Differentiated (simplex) type: occurs at a later age (6th and 7th decades). Accounts for 10% of VIN and associated with inflammatory conditions such as lichen sclerosis.2
Both types may be asymptomatic or present with itching, burning and soreness. The clinical appearance varies from flat to verrucous lesions, which may be erythematous, pigmented and/or ulcerated.
While wide local excision is the classic treatment modality, this approach can be disfiguring and result in dyspareunia. In addition, high recurrence rates and multifocal lesions make wide local excision less preferred. Laser ablation and cryotherapy are alternative treatment modalities.
In classic VIN, the average interval from diagnosis of high grade dysplasia to invasive squamous cell carcinoma is approximately 4 years.2 There is a high-risk of local recurrence after excision, making follow-up care an important part in the management of this condition.
1 Fletcher CDM, ed. Diagnostic Histopathology of Tumors. 3rd Ed.

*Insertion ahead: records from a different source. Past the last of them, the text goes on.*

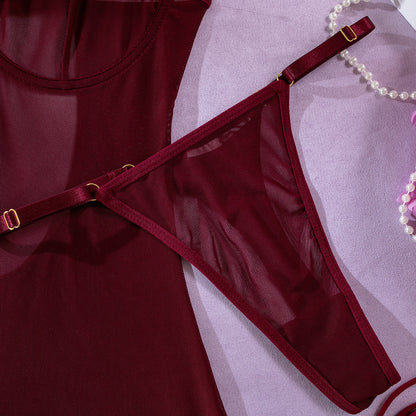 Burgundy Veil Tie Set image 11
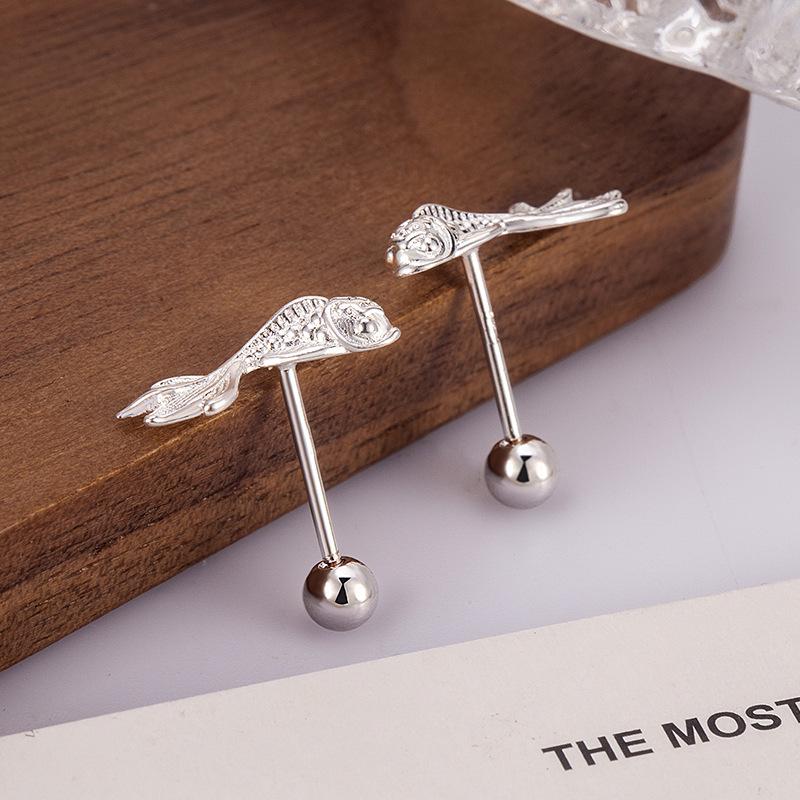 New Year Luxury Koi Stud Earrings - Chinese National Style Screw Back for Good Luck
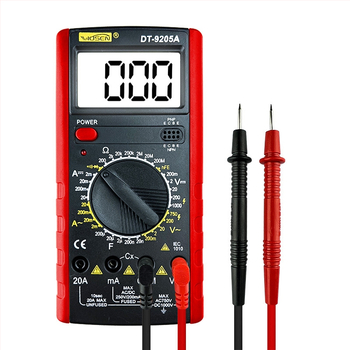 Дигитален мултиметър DT9205A - висока прецизност, защита срещу изгаряне, цифров дисплей, измерване на напрежение и ток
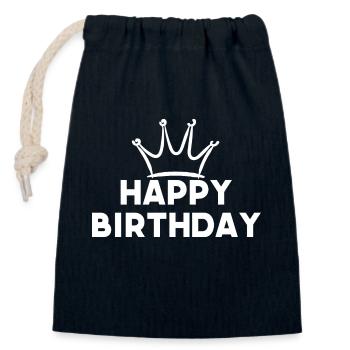 Happy Birthday - Verschließbarer Geschenkbeutel aus Baumwolle (14x20cm) - Navy - Vorne
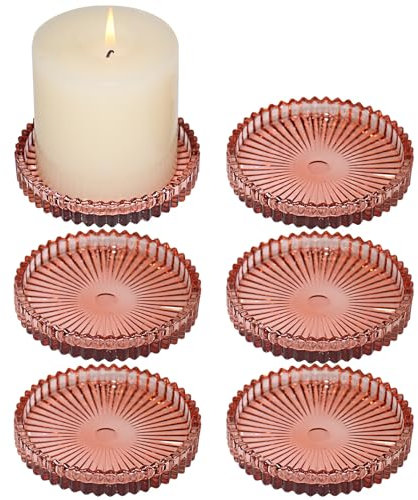 HofferRuffer Lot de 6 bougeoirs ronds en verre de 10 cm pour bougies piliers, bougies chauffe-plat, marron rougeâtre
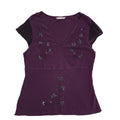 Ameranto Vintage 90s Purple Floral Sequin Short Sleeve Top Womens UK 16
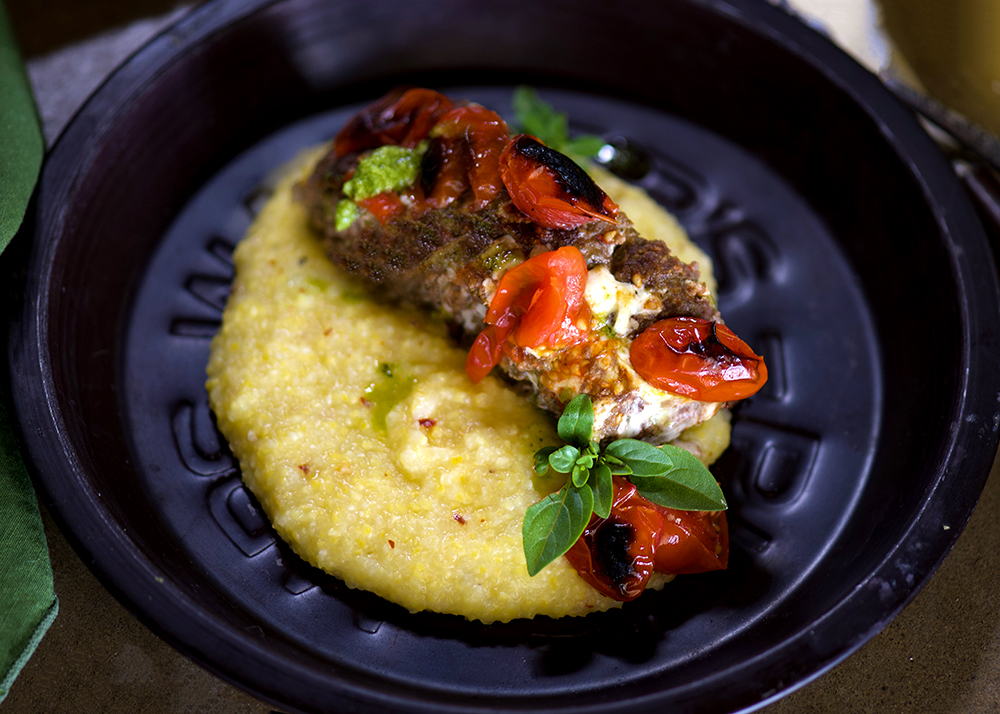 Image of Pesto Meatloaf with Blistered Tomatoes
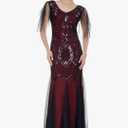 1920s Art Deco Sequin Maxi Dress, Vintage Flapper Gatsby Style, V-Neck with Tulle Sleeves, Long Evening Formal Gown, Medium, Burgundy 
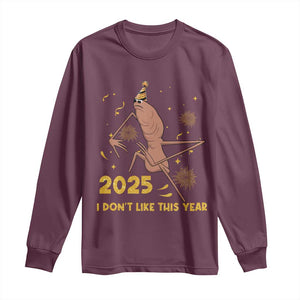 Funny Marcus The Worm New Year Long Sleeve Shirt 2025 I Dont Like This Year Fireworks NYE Party TS11 Maroon Print Your Wear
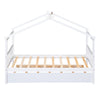 Twin Size House Bed With Twin Size Trundle - White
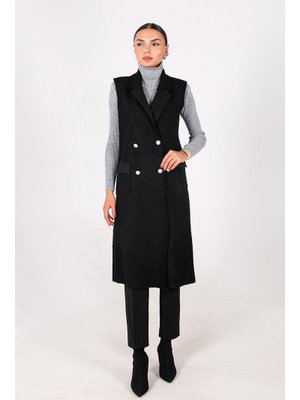 Siyah Uzun Keçe Yelek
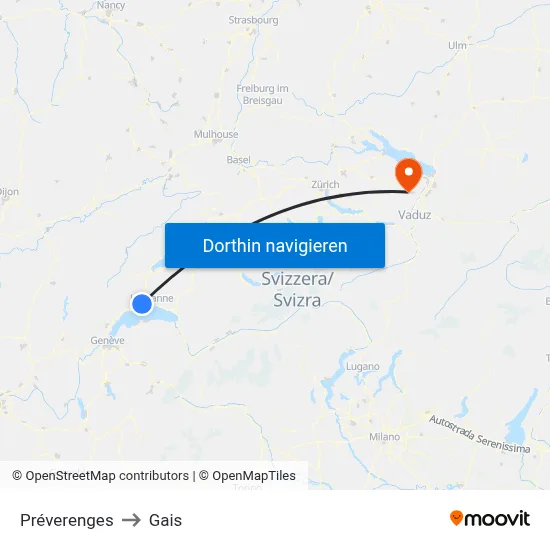 Préverenges to Gais map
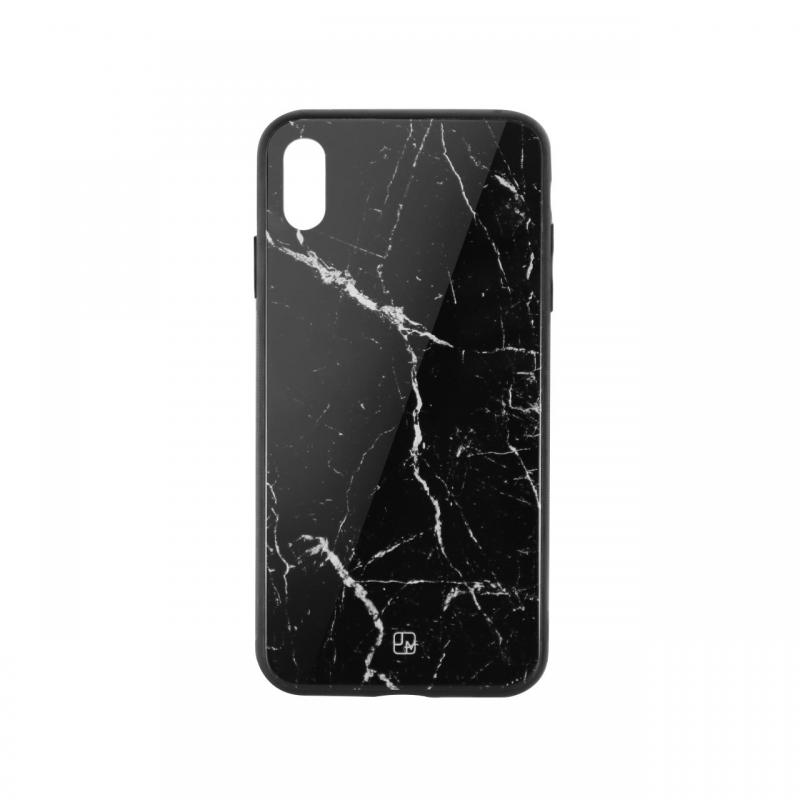 Carcasa Sticla iPhone XS Max Just Must Glass Print Black Marble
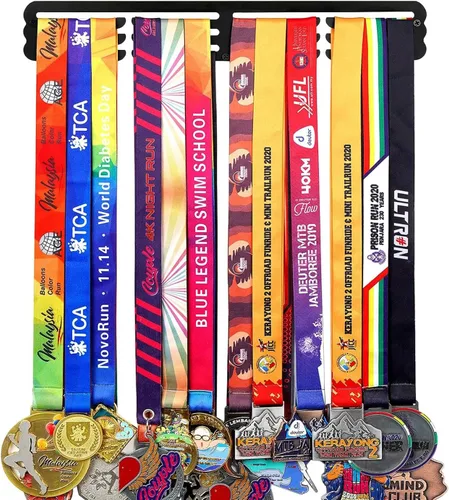Miniatura 17 de Goutoports Estante de exhibición para colgar medallas, organizador personalizado de cinta de premios para corredores de carreras deportivas, placas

Philadelphia, PA: Elsevier; 2007: 752-3.
2 Nucci MR, Oliva Esther. Gynecologic Pathology: Foundations in Diagnostic Pathology. Philadelphia, PA: Elsevier: 2009: 44-52.
3 Yang B, Hart WR. Vulvar intraepithelial neoplasia of the simplex (differentiated) type: a clinicopathologic study including analysis of HPV and p53 expression. Am J Surg Pathol 2000 Mar;24(3):429-41.